Interest in enhancing verify.py

Hi,

I might be willing to work a bit on verify.py, which is the foundation of Tools → Utilities → Verify the Data. I have the following ideas:

  • use a TreeStore to group the results by their rule instead of a flat list
  • add a check which verifies that children of a family are sorted in the correct order (by birth)
  • add a check which verifies that families are sorted in the correct order for a person (only if children with birth dates exist, or marriage/divorce dates are given)
  • add a check which verifies that baptisms happend at around the same distance from the birth within a family with some deviation (probably configurable).
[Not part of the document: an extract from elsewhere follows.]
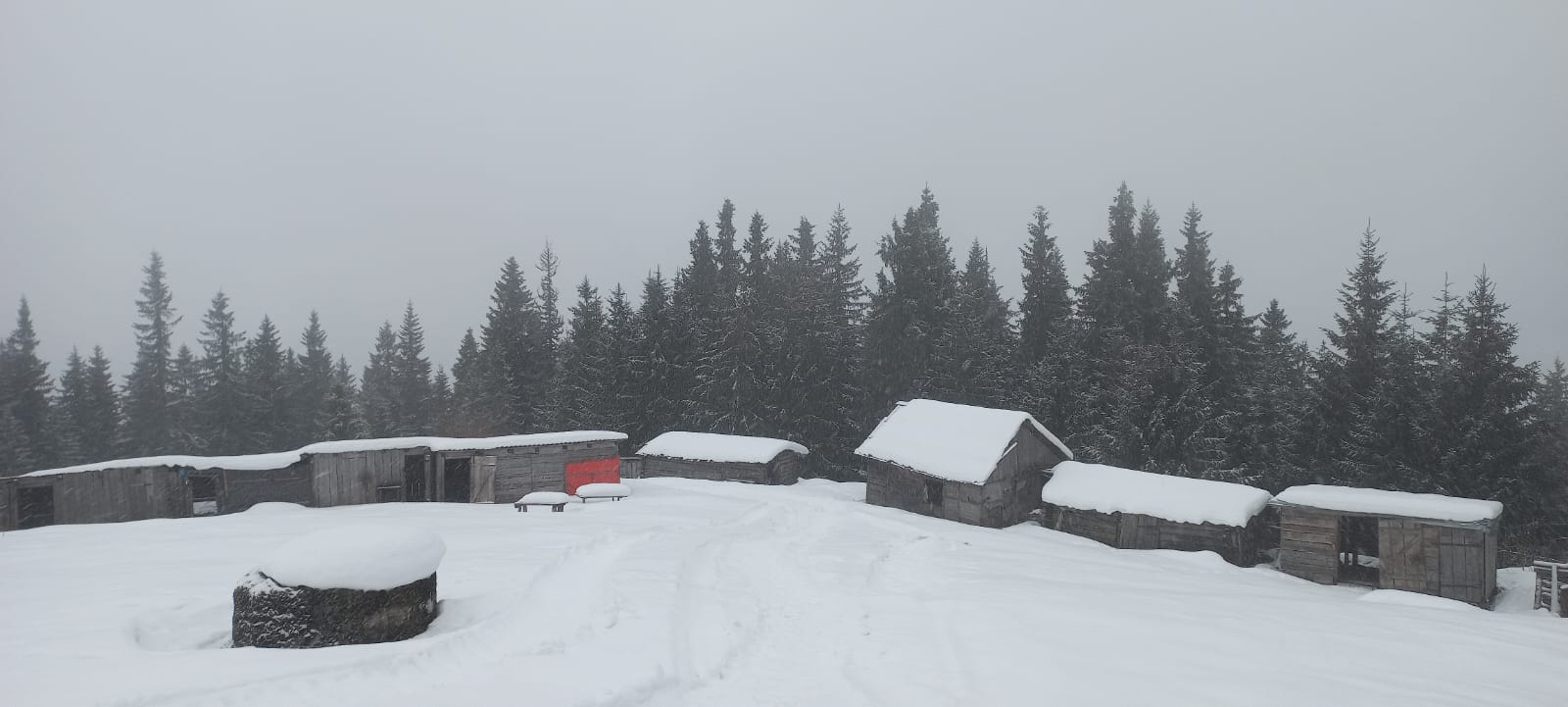 Киянин заблукав у засніжених Карпатах і ледь не загинув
This is to ensure a warning when usually a baptism happens within 2 month for a certain family, but there is one child where the baptism happend 10 years after the birth.
  • add a check which verifies that burrials are either not too far away from the death and/or are happening around the same distance after the death within a family (like the one above with baptism).
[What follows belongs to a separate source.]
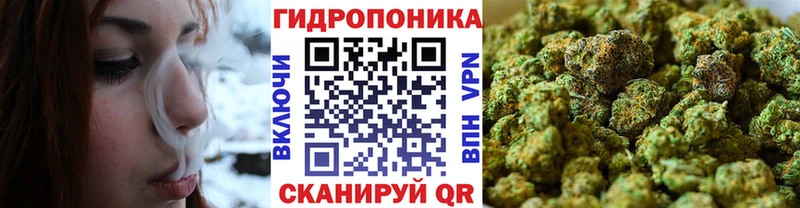Каннабис MAZAR  Купить  Гатчина 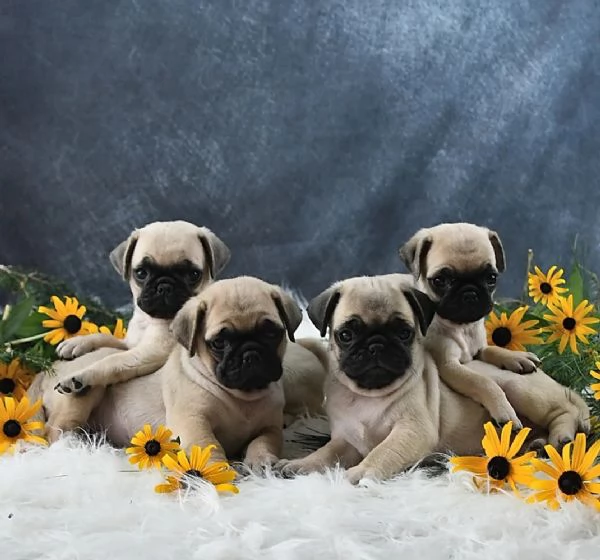 Affascinanti cuccioli di Carlino fulvi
Please let me know if there is a general interest within the project of those changes/enhancements before I start investing more time here.
I am an author of a big GEDCOM file (One place study of a village) and need those checks. I was thinking to write my own Java tool (bc I’m a professional Java dev), but it might be better to enhance Gramps so all could participate from it?

Attached you’ll find a screenshot which shows my current progress (bare with me, its far from completness!!) - only featuring the grouping so far…

Its a start, but before I continue I’d like to check what you guys think about it.

The tree list looks good. I also don’t see a problem with adding extra rules.

This is interesting. Thank you for working on it!

Note that one of the difficulties in previous tools doing verification tests and auto-sorting has been related to supporting imprecise dates. Date ranges, spans, and approximations all create their own special cases to be handled.

For example, the ‘before’, ‘after’ and ‘about’ date preferences cause a lot of problems when auto-sorting birth orders of offspring. (As do undefined dates)


When I do certain filtering operations, I’ll temporarily tweak the Dates preferences values to reduce false positives and overlooked items in the results. For example, an ‘about’ year for a guestimated birth of a child is more likely to be ±1 year rather than ±50. An overly broad ‘about’ wreaks havoc in the birthorder sorting too.

Meanwhile a ‘before’ date in a filter with only 50 years doesn’t even cover a “probably alive” full lifespan.

Also note that some other ‘sanity check’ and ‘data harmonization’ tools exist. The Isotammi project has built a significant data validation toolbox. You might save both yourself (and them) some duplication of work by beginning a conversation with @kku (Kari Kujansuu)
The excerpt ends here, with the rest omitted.